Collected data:
□ □ □ □ □
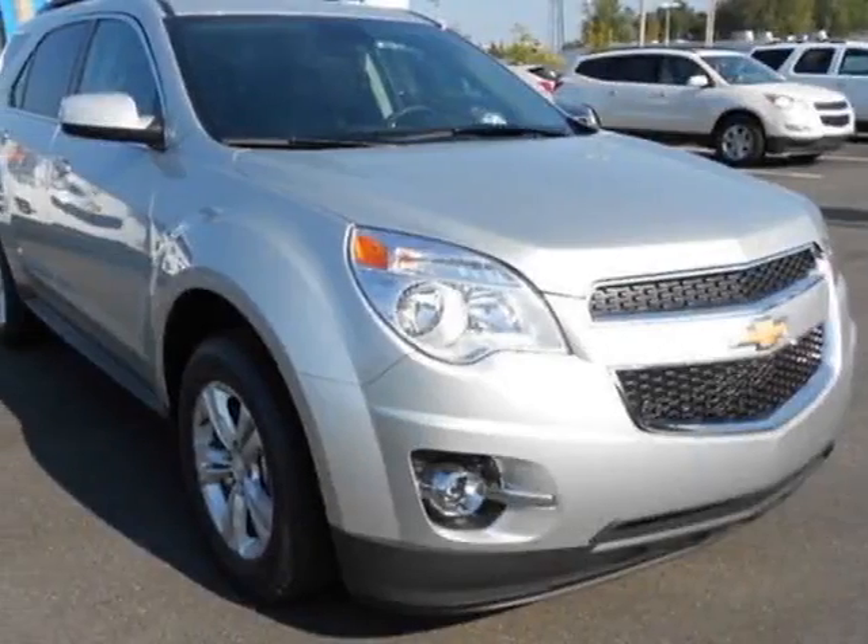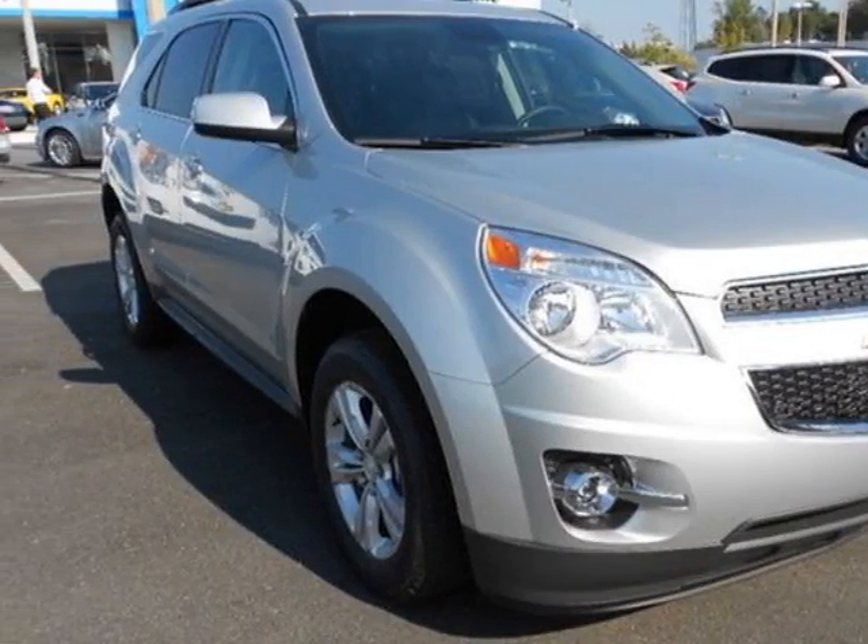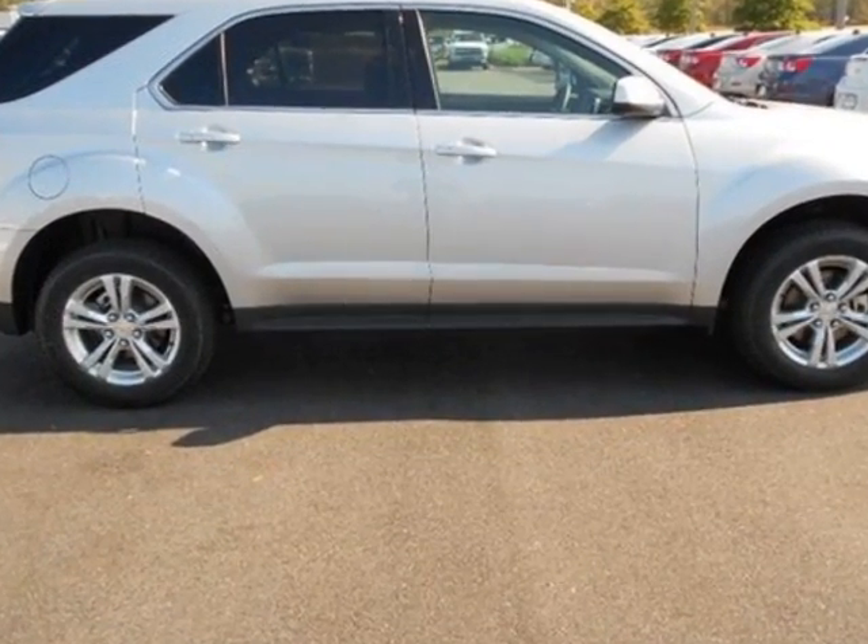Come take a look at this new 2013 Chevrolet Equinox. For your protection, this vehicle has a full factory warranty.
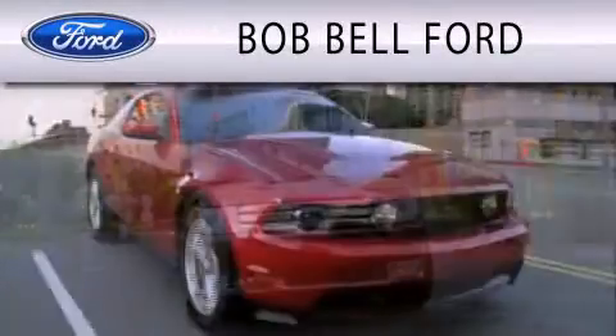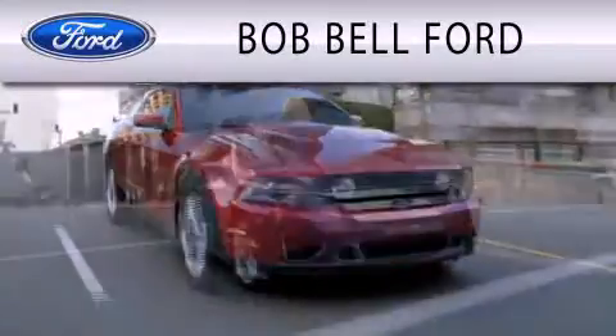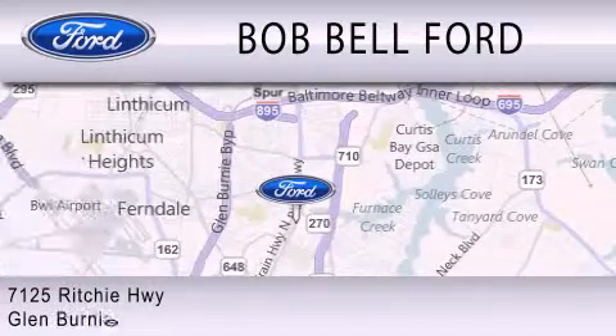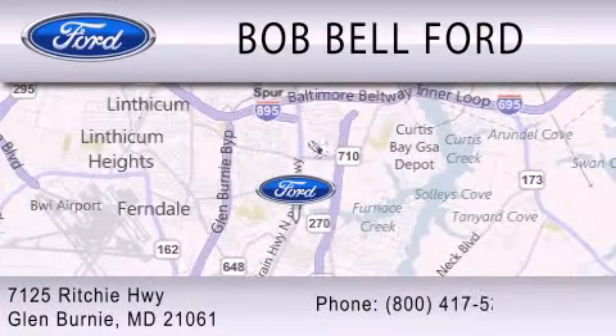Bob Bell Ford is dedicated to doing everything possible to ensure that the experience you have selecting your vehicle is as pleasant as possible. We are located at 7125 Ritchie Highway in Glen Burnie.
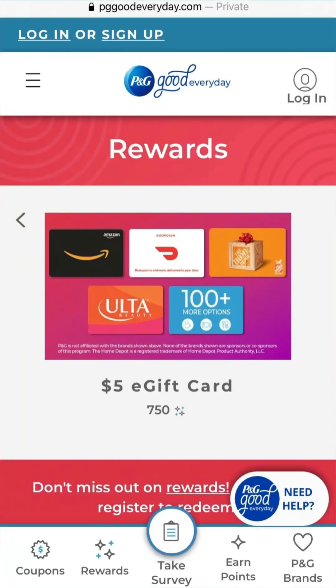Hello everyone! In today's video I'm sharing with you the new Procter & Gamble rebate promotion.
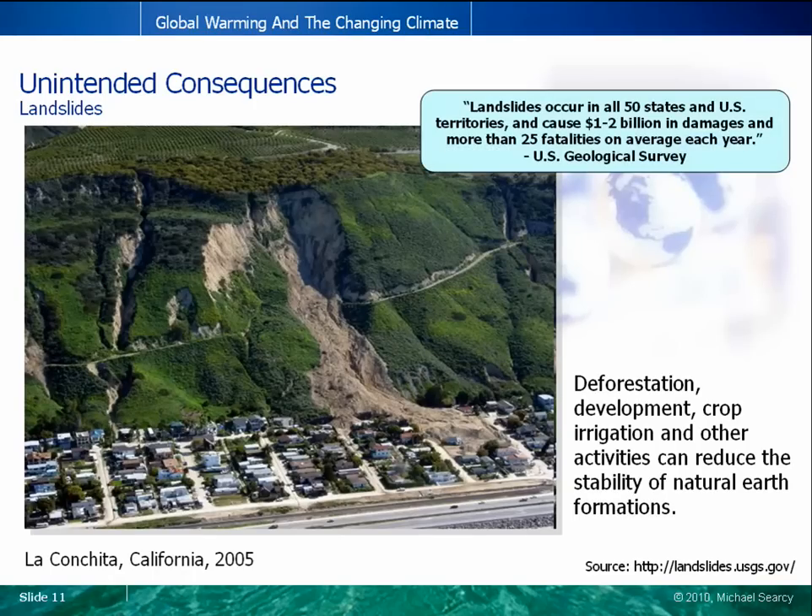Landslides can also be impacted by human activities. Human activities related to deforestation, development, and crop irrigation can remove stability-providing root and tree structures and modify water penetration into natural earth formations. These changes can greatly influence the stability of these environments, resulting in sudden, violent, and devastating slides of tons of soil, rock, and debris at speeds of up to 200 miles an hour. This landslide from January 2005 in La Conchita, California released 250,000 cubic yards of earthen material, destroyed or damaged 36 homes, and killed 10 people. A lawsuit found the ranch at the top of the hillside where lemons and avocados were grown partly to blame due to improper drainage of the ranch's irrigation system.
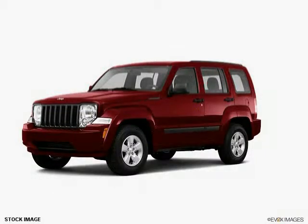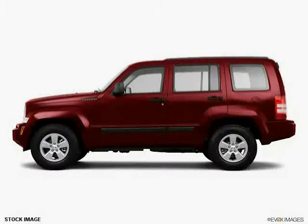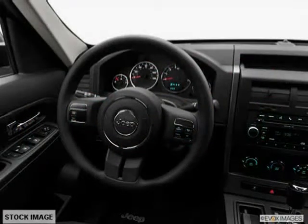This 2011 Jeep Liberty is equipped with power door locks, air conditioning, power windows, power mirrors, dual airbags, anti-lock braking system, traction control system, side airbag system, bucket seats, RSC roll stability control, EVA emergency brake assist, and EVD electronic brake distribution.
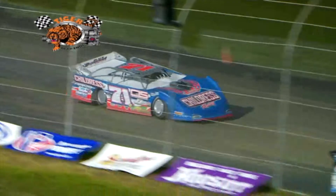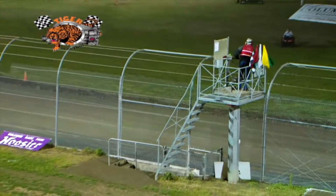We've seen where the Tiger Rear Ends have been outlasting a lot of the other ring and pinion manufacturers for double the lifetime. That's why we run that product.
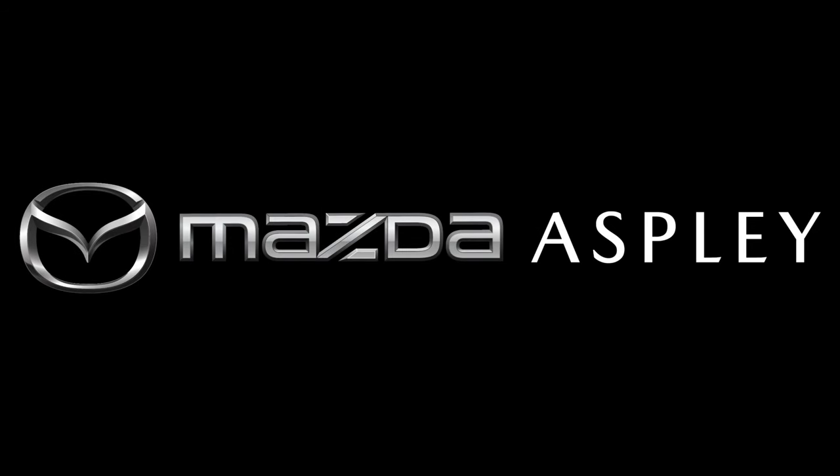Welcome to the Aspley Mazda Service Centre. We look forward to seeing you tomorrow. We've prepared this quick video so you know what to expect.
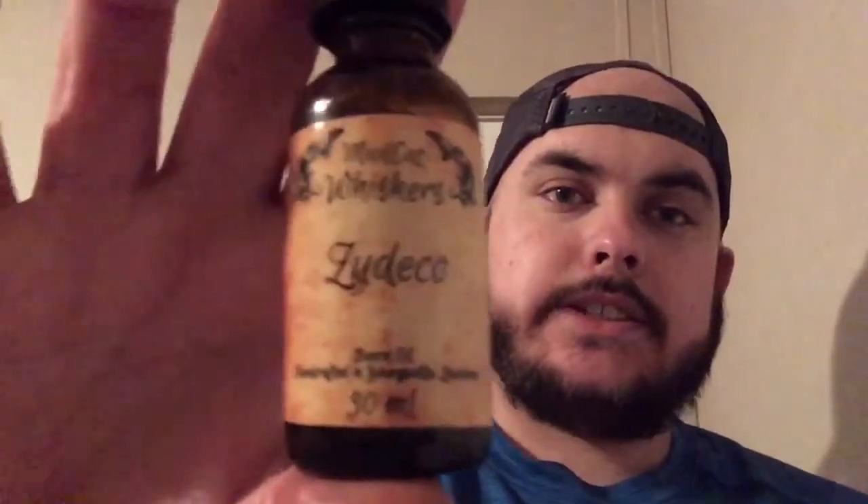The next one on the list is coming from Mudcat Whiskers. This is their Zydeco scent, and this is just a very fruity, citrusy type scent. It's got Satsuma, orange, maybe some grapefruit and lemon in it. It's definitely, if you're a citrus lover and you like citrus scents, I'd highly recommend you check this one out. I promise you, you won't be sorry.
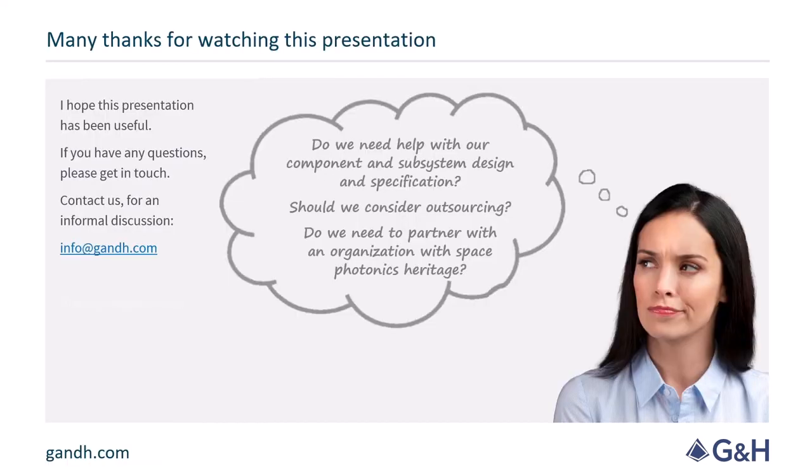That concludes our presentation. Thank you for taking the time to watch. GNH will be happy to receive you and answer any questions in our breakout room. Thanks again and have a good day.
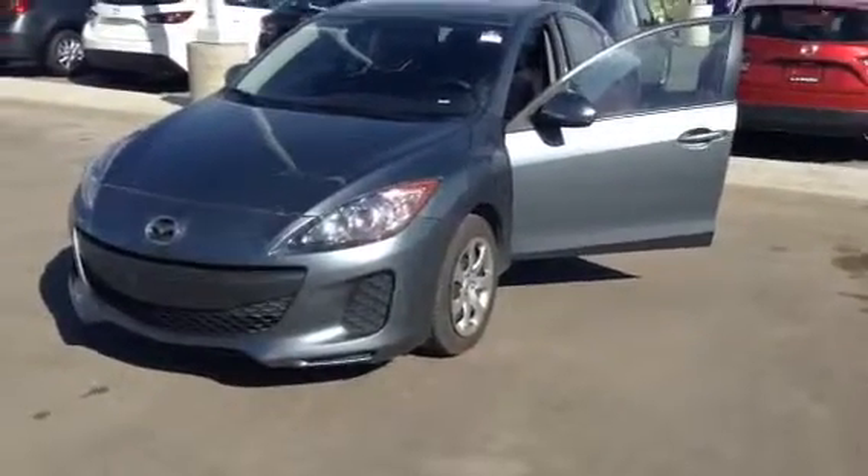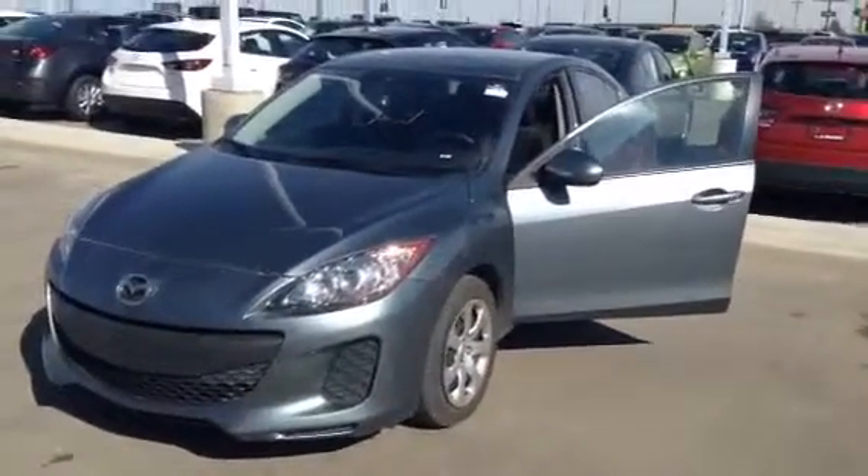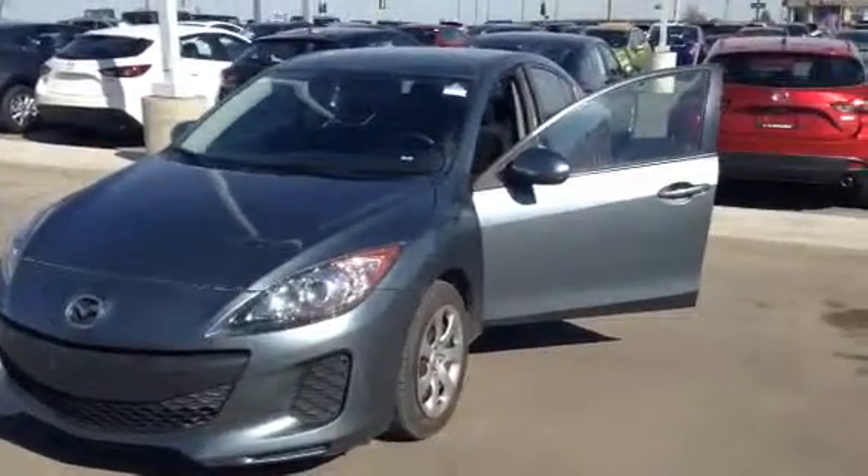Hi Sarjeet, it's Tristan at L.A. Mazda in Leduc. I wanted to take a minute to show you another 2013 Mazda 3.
□ □ □ □ □
WHAT YOU SHOULD DO
Take the lines from the start of the entries through the line containing "Welcome to the" and set them down exactly, leaving out every picture.

SOLUTION
Come take a look at this new 2013 Chevrolet Equinox. For your protection, this vehicle has a full factory warranty.
Bob Bell Ford is dedicated to doing everything possible to ensure that the experience you have selecting your vehicle is as pleasant as possible. We are located at 7125 Ritchie Highway in Glen Burnie.
Hello everyone! In today's video I'm sharing with you the new Procter & Gamble rebate promotion.
Landslides can also be impacted by human activities. Human activities related to deforestation, development, and crop irrigation can remove stability-providing root and tree structures and modify water penetration into natural earth formations. These changes can greatly influence the stability of these environments, resulting in sudden, violent, and devastating slides of tons of soil, rock, and debris at speeds of up to 200 miles an hour. This landslide from January 2005 in La Conchita, California released 250,000 cubic yards of earthen material, destroyed or damaged 36 homes, and killed 10 people. A lawsuit found the ranch at the top of the hillside where lemons and avocados were grown partly to blame due to improper drainage of the ranch's irrigation system.
This 2011 Jeep Liberty is equipped with power door locks, air conditioning, power windows, power mirrors, dual airbags, anti-lock braking system, traction control system, side airbag system, bucket seats, RSC roll stability control, EVA emergency brake assist, and EVD electronic brake distribution.
We've seen where the Tiger Rear Ends have been outlasting a lot of the other ring and pinion manufacturers for double the lifetime. That's why we run that product.
Welcome to the Aspley Mazda Service Centre. We look forward to seeing you tomorrow. We've prepared this quick video so you know what to expect.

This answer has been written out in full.